George nodded and said, “Yeah, damn shame too, if you ask me. He seemed to be getting his life together since he got out of prison.”
“Did you see him around here recently?” Paula asked.
“I ain’t talking to you, Newberry. You’re the reason I gotta wear this.” George put his foot on the passenger-side window frame and pulled up his pant leg to reveal a GPS ankle monitor. “Cause of you, I got no privacy and can’t go more than a quarter mile from here.”
“I didn’t make you sell pot over at Kennedy High,” Paula said.
“I wasn’t selling nothing.”
“Only because you got busted before you had a chance. That’s why you got twenty-four months instead of sixty,” Paula countered.
“Man, you had them take away my medical marijuana card. That ain’t right. I got a right to smoke to help my condition.”
“George, you had three pounds of weed, and there’s nothing wrong with you that jail time can’t cure,” Paula said.
“That’s harsh, Newberry,” George complained.
“Now about Cardozo—you seen him?” she pressed.
“Last couple of weeks, he was here a lot. His wife moved in with her mom, The
resa, and they took care of the kid—I think the girl is sick or something. Cardozo was straight up about layin’ down on the West Block Norteños and convinced the South Side Pirus that he weren’t gonna cause no drama.”

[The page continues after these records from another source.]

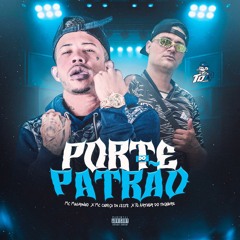 PORTE DO PATRÃO-Mcs Magrinho & CABEÇA DA LESTE - DJ Arthur do Taquaril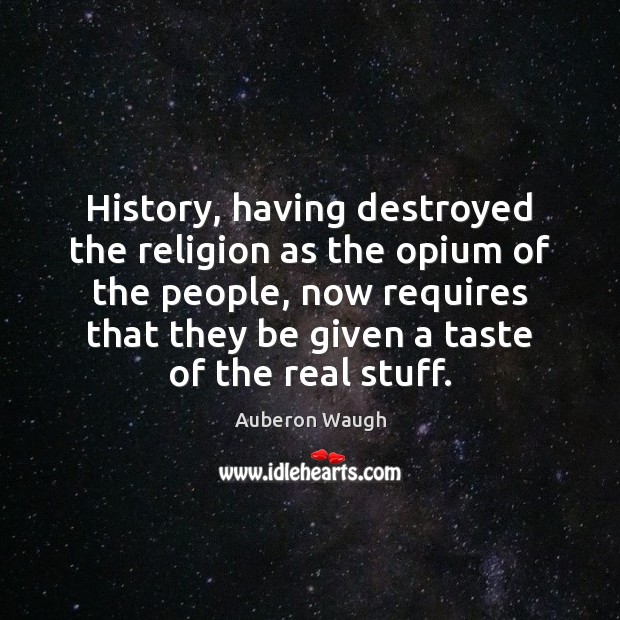History, having destroyed the religion as the opium of the people, now Auberon Waugh Picture Quote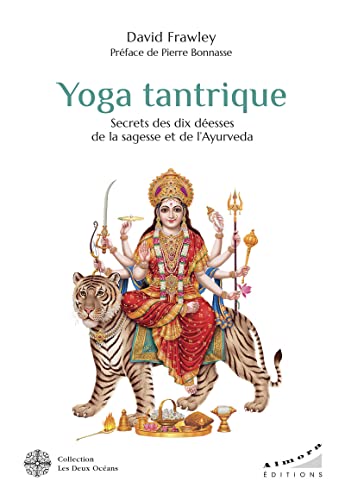 Yoga tantrique - Secrets des dix déesses de la sagesse et de l' Ayurvéda von DEUX OCEANS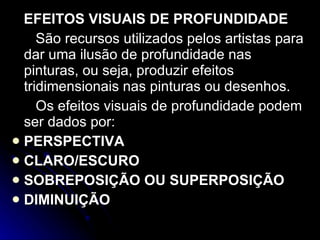 EFEITOS VISUAIS DE PROFUNDIDADE São recursos utilizados pelos artistas para dar uma ilusão de profundidade nas pinturas, ou seja, produzir efeitos tridimensionais nas pinturas ou desenhos. Os efeitos visuais de profundidade podem ser dados por: PERSPECTIVA CLARO/ESCURO SOBREPOSIÇÃO OU SUPERPOSIÇÃO DIMINUIÇÃO 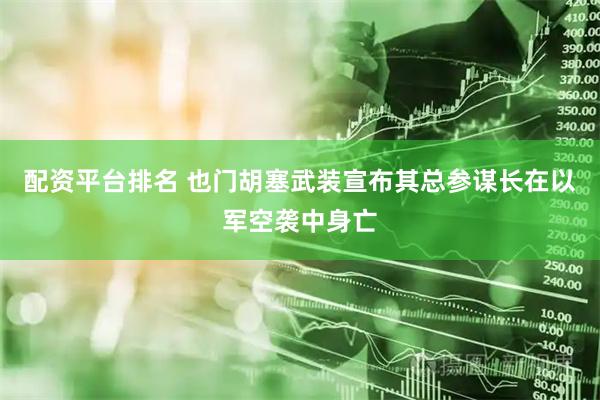 配资平台排名 也门胡塞武装宣布其总参谋长在以军空袭中身亡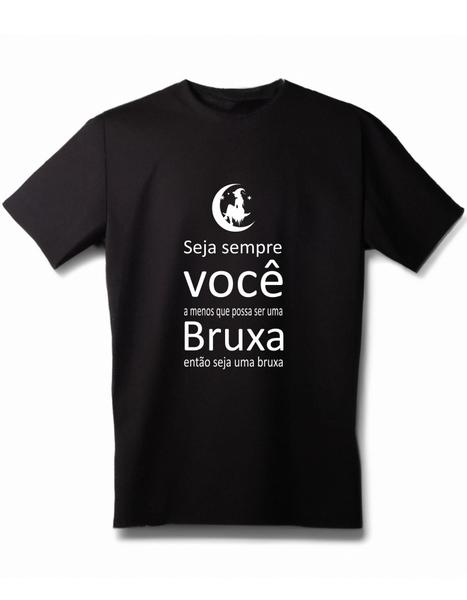 Imagem de Camiseta Preta Seja Sempre Voce A Menos Que Possa Ser Bruxa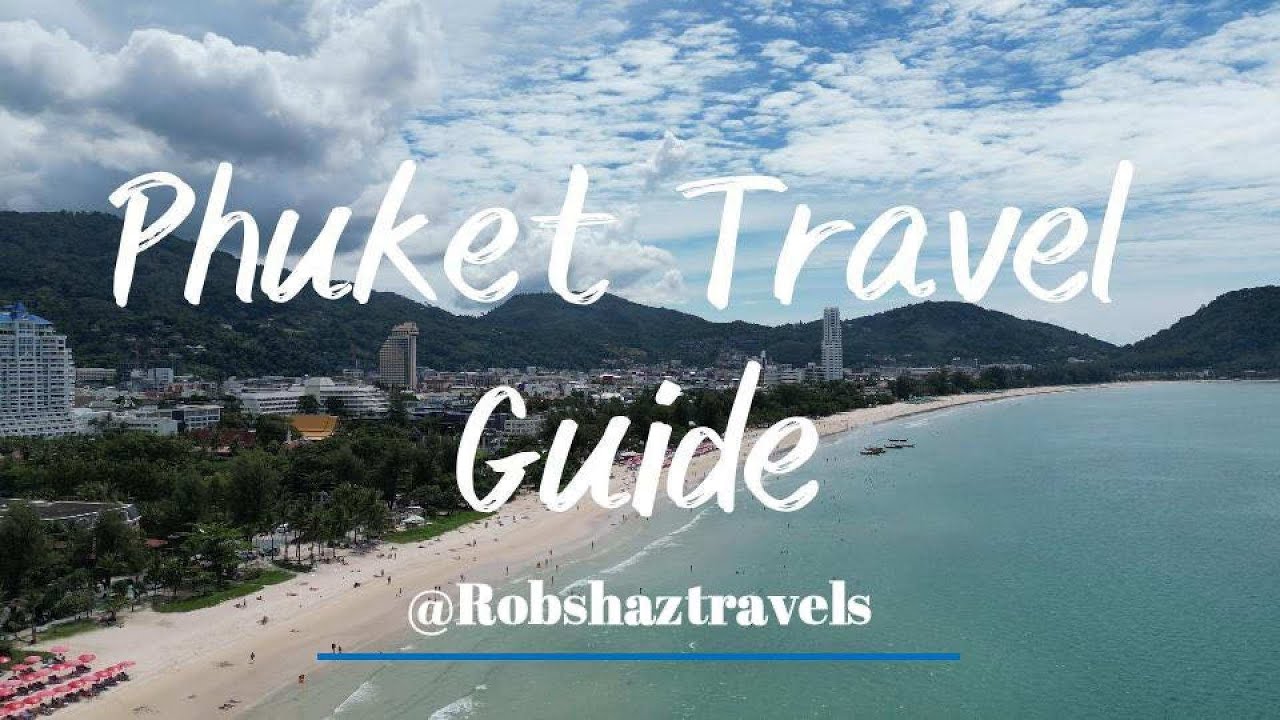Phuket Travel Guide | A beginner's guide to Phuket 2023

“How’d he convince them he was done with the gang?” John asked.
“Paid ’em.”
“How much?” John demanded.
George shrugged. “Don’t know, but I figure it had to be a bundle since the Piru shot-caller lifted a ‘hit-on-sight’ order on the dude.”
“Why did Cardozo have a hit on him?” John asked.
“From what I hear, it went back years to when Cardozo was a heavy with the boys. A drug rip-off. He took down a Piru runner and left with the product.”
“Is Rotten Ricky still the Piru shot-caller?” John questioned.
“Yep, dude takes a cut of all the action out here in exchange for protection and so forth.”
“Including yours?” Paula asked.
“Man, why you always gotta be like that? If I was into anything, then yeah, Rotten Ricky would get his.”
John pointed to a first-floor unit with a long, wide sidewalk in the center of the housing complex across the street. “Seven-twelve. That’s where Cardozo’s wife is staying, right?”
George nodded.
“Thanks. If I park my car here, am I gonna have all my tires and rims when I get back? You being an entrepreneur and all?” John said.
George smiled. “Depends on how long you’re gone. I’m doin’ my own number, so alls I can say is that I won’t bother your broke-ass ride.”
John took the keys from the ignition and opened his door. “Good enough for me.”
George strolled back to his posse of young thugs, all of whom eyed the two cops with unveiled contempt. The group listened as George spoke and gestured toward John and Paula. From the street, the conversation was unheard, but the message was clear: George ordered the men to stand down and leave the two cops alone.
Paula joined her partner on the street, and the pair walked across the neglected asphalt to the sidewalk. “What did he mean by ‘doing his own number’?” Paula asked.